Check this out. Made from damn near scratch and ready for action. A buddy and I built these over the off season for our yards. We put a lot into the quality of these, so outside of a bomb, it should withstand anything.


----------



## Teej (Feb 27, 2019)

Looks rad!


----------



## bp2878 (Feb 13, 2019)

Nice! Where did you get the wheels/tires? Looking for some like that for mine.


----------



## w0lfe (Mar 19, 2018)

bp2878 said:


> Nice! Where did you get the wheels/tires? Looking for some like that for mine.


Got them at northern tool. They are run flats as well and their width prevents ruts when my tank is at the full 55 gallons


----------



## Ware (Jan 28, 2017)

Nice work!


----------



## FlowRider (Apr 7, 2019)

w0lfe said:


>


Wow, that looks like a really nice setup!

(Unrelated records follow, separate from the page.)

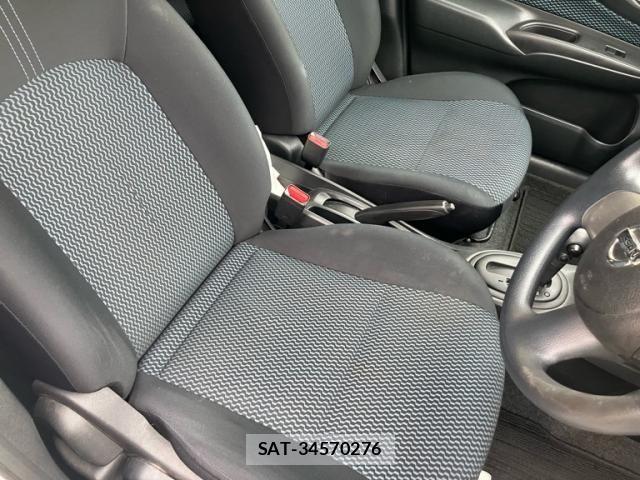 Nissan NOTE 2013-02 8628202-9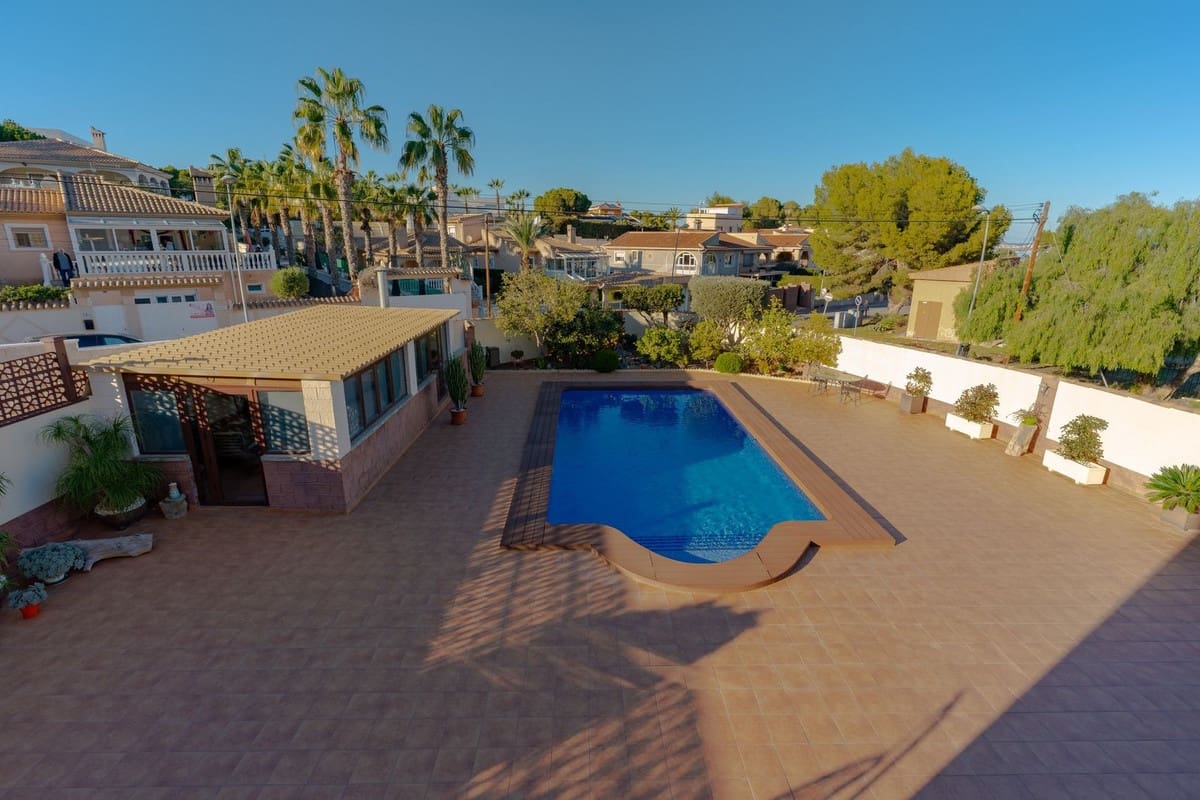 Chalet de 7 habitaciones en Los Balcones en venta con piscina garaje - 930.000 € (Ref: 8979183)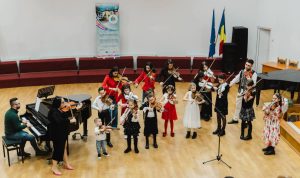 Read more about the article Elevi ai Școlii Populare de Arte „Octav Enigărescu” au susținut un recital de colinde și cântece de Crăciun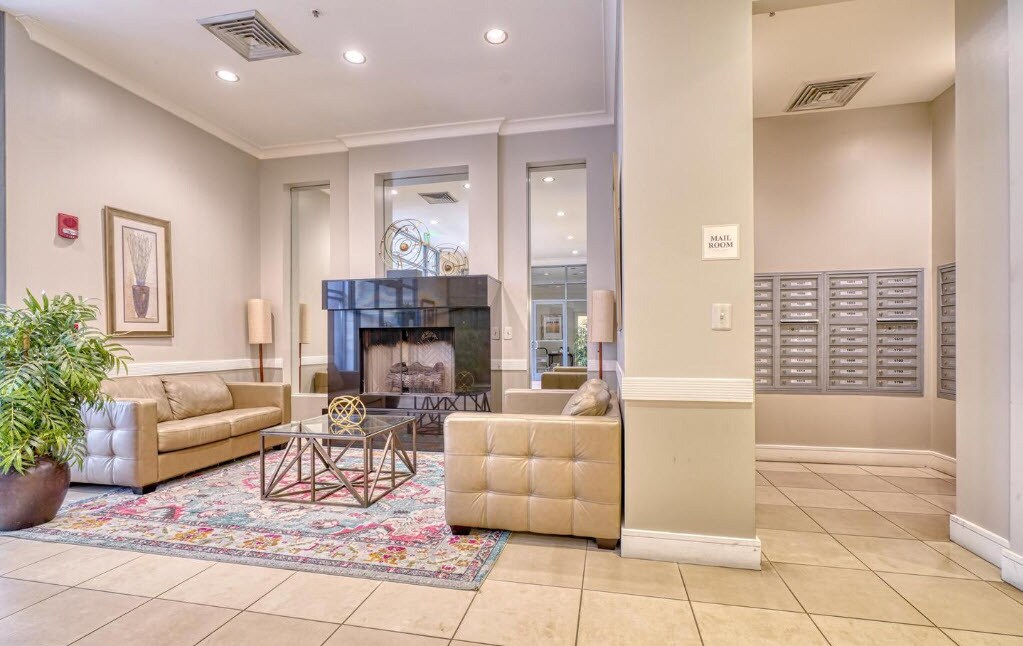 Building Photo - 414 Water St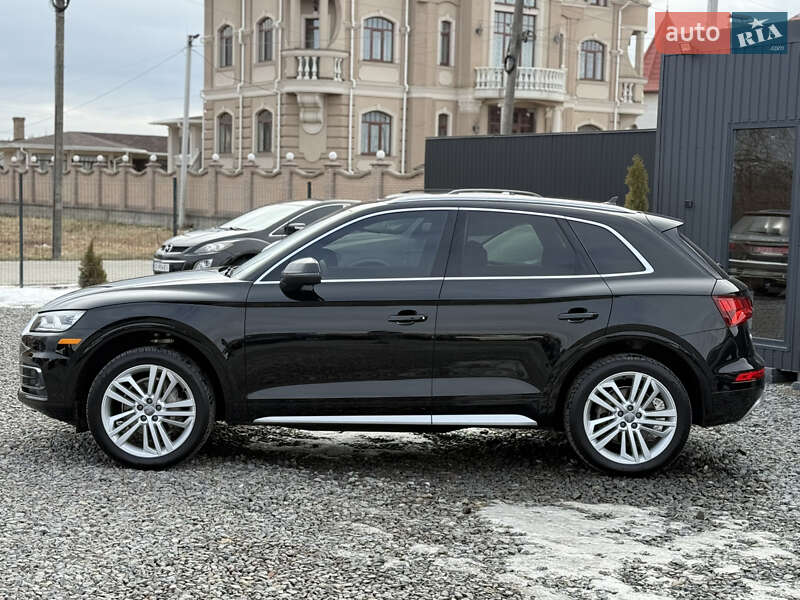 Позашляховик / Кросовер Audi Q5 2018 в Чернівцях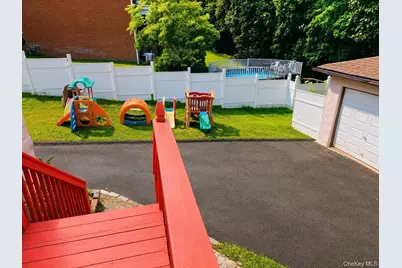 98 Bushey Avenue, Yonkers, NY 10710 - Photo 29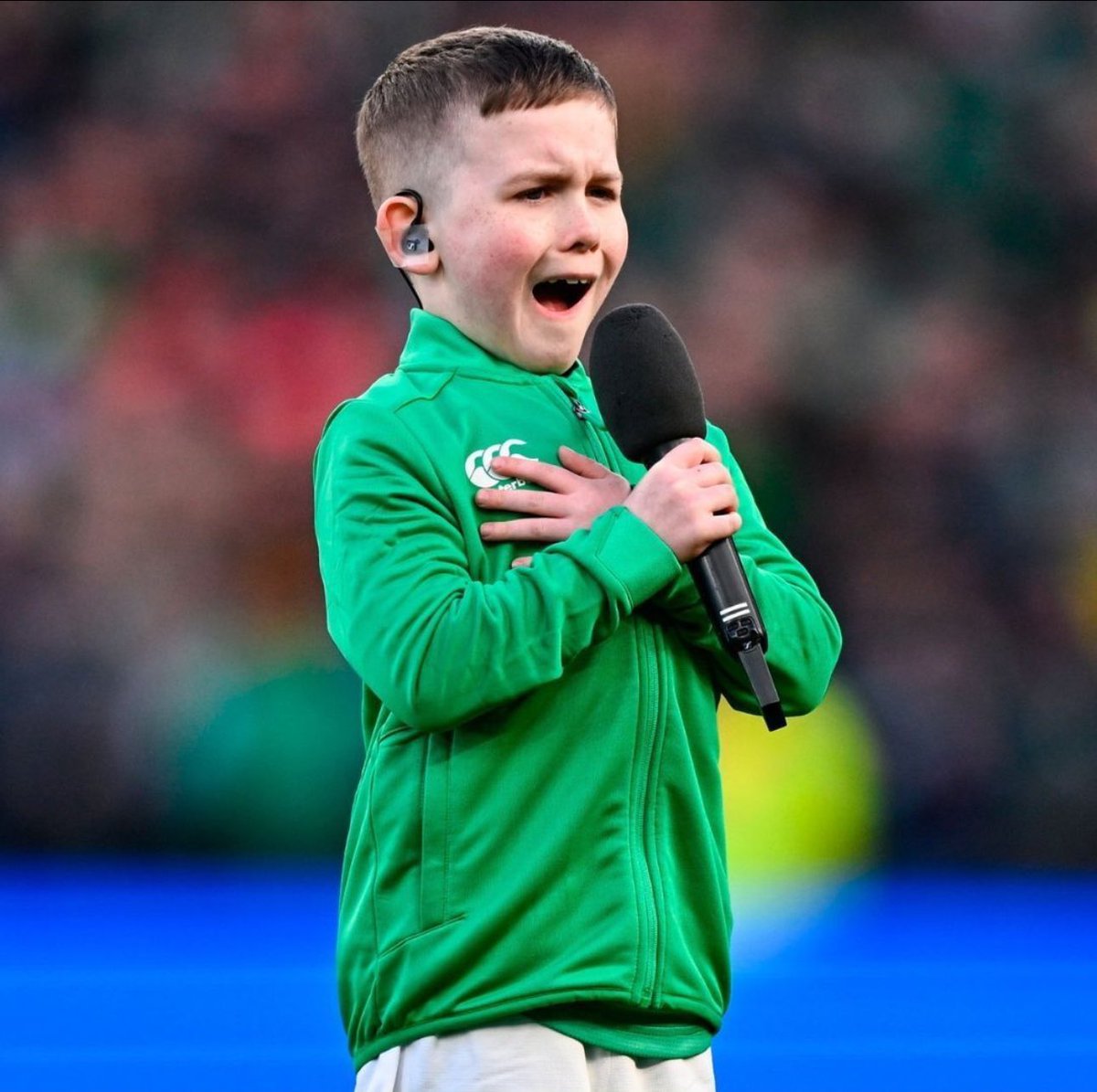 @RTELateLateShow Toy show star #StevieMulrooney at the Aviva stadium with a version of Ireland’s Call.

The #RTEToyShowAppeal grants round is now open for applications, and over €3.6m to be awarded to charities that work with children and families.

All the details here;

Can you please post some pictures of your pump setup, and what the frame looks like under the tank?

55 gallons - you must have some pastures to take care of...?

You could use that bad boy for watering your yard...! :thumbup:


----------



## w0lfe (Mar 19, 2018)

FlowRider said:


> w0lfe said:
> 
> 
> >
> ...


Yeah I have a large lot to take care of, but it's going to be used for everything.... pre-em, herbicide, insecticide, iron, etc..

I'll try to get some pics posted in the coming days.. Right now it's setting under a tarp that's completely covered in snow.


----------



## Dkrem (Mar 16, 2019)

Which hose reel is that? I've been looking to upgrade to one.


----------



## w0lfe (Mar 19, 2018)

FlowRider said:


> w0lfe said:
> 
> 
> >
> ...


----------



## w0lfe (Mar 19, 2018)

Dkrem said:


> Which hose reel is that? I've been looking to upgrade to one.


It's an air hose reel that I bought at Lowe's. I read that people pushed liquid through it and I've had zero issues as well. It's 50 ft total and I fitted it with a wand that I bought off of Amazon


----------



## FlowRider (Apr 7, 2019)

@w0lfe

Did you stick weld (arc weld) that frame yourself?

If I read the label right, your pump is rated @ 3.9 GPM, right?

Really nice looking unit. :thumbup:


----------



## w0lfe (Mar 19, 2018)

FlowRider said:


> @w0lfe
> 
> Did you stick weld (arc weld) that frame yourself?
> 
> ...


Yes welded the entire frame together, and you are correct on the pump. I get just under 2 GPM output as it stands.


----------